■ Available data ■
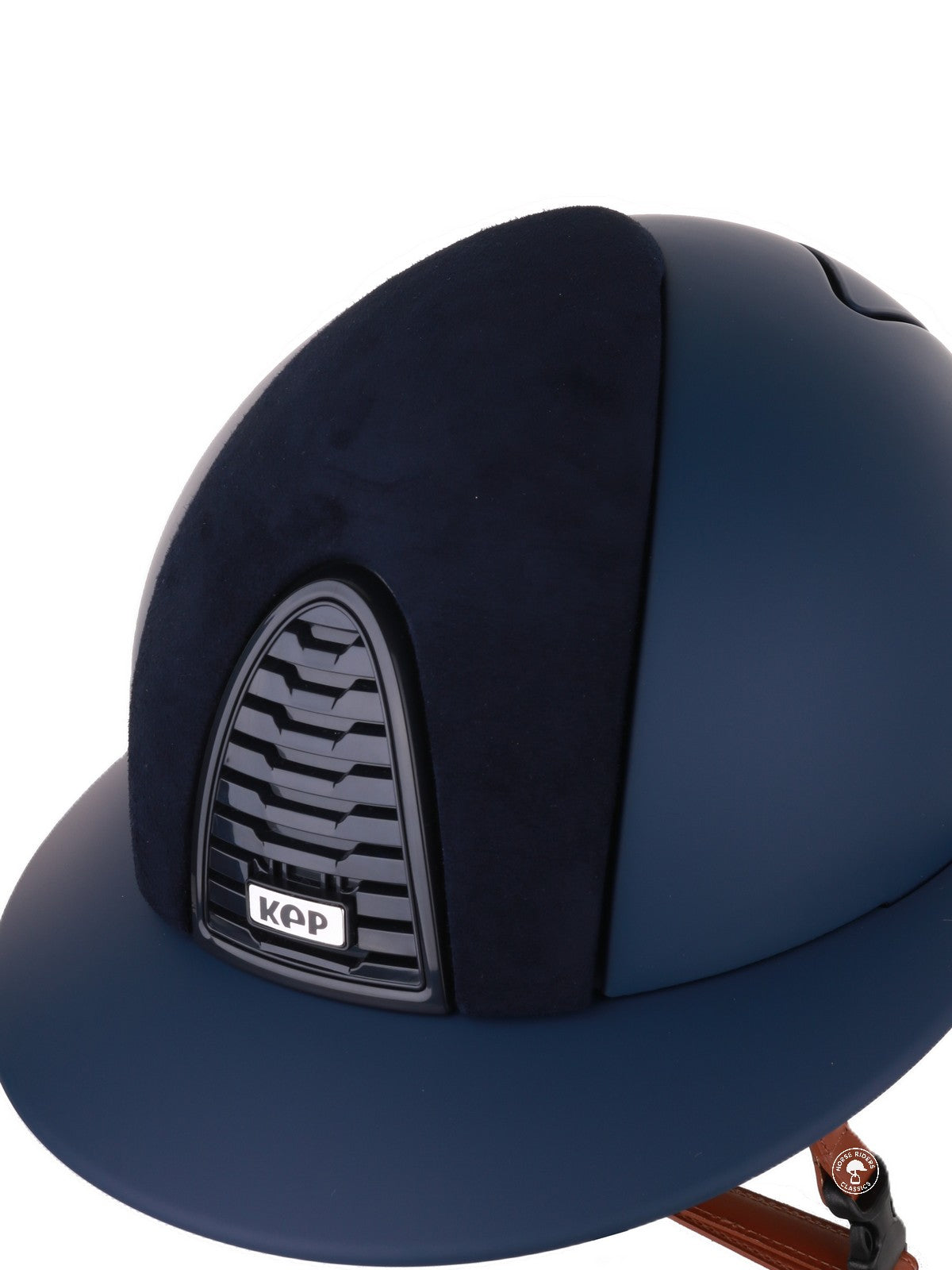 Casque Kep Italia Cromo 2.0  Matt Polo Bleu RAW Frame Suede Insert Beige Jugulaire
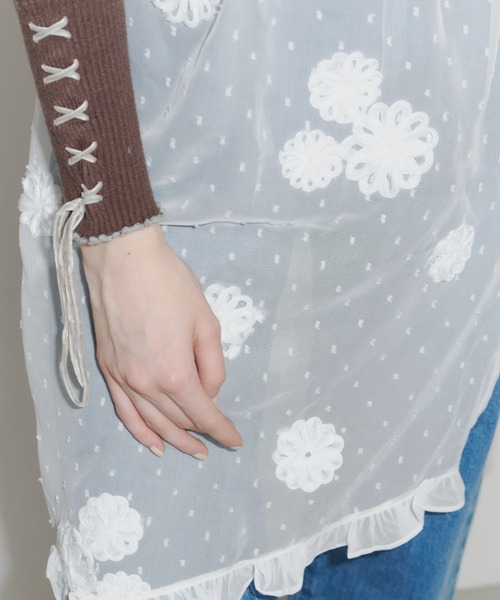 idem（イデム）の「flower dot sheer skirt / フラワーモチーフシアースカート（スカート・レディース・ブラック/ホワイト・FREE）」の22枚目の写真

* * *

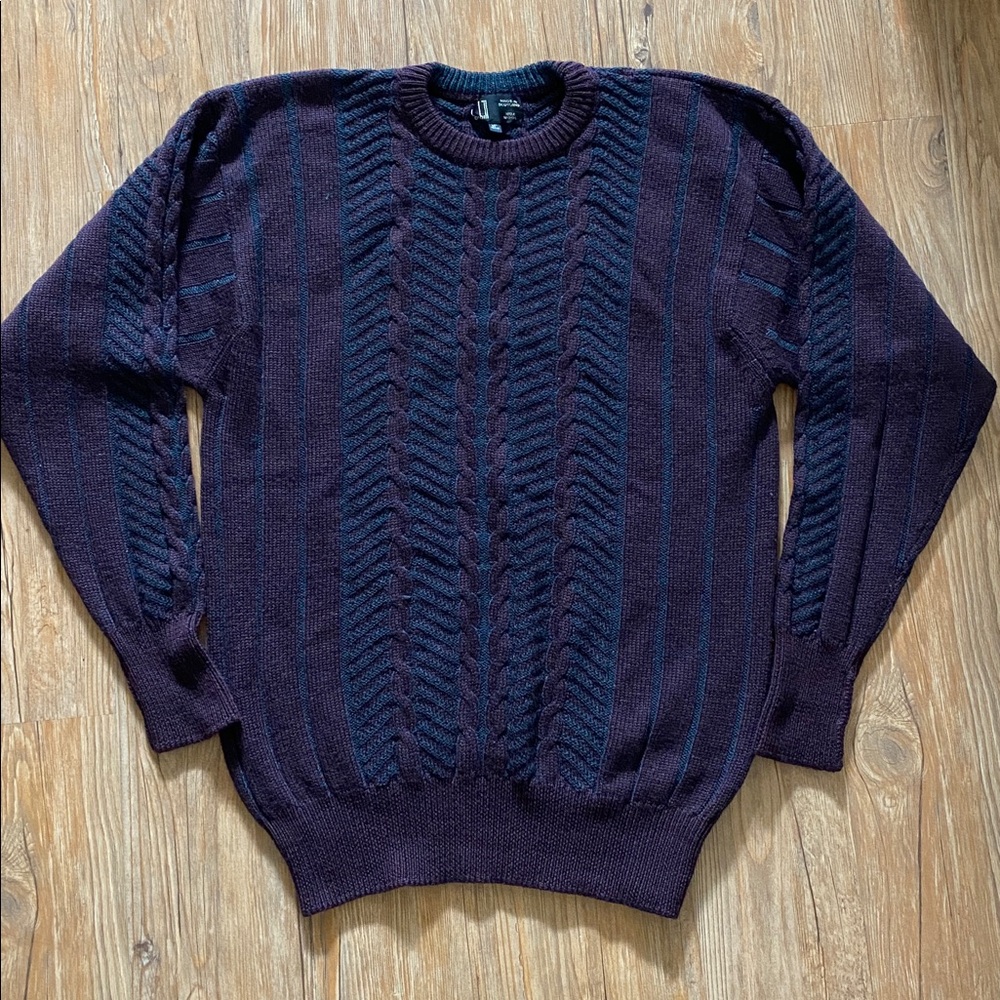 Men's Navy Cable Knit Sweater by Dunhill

■ Exercise ■
Would you restate, exactly and with no pictures, the lines of the entries above from the one containing "Casque Kep Italia" through the one containing "idem（イデム）の「flower dot sheer"?

■ Answer box ■
 Casque Kep Italia Cromo 2.0  Matt Polo Bleu RAW Frame Suede Insert Beige Jugulaire
 idem（イデム）の「flower dot sheer skirt / フラワーモチーフシアースカート（スカート・レディース・ブラック/ホワイト・FREE）」の22枚目の写真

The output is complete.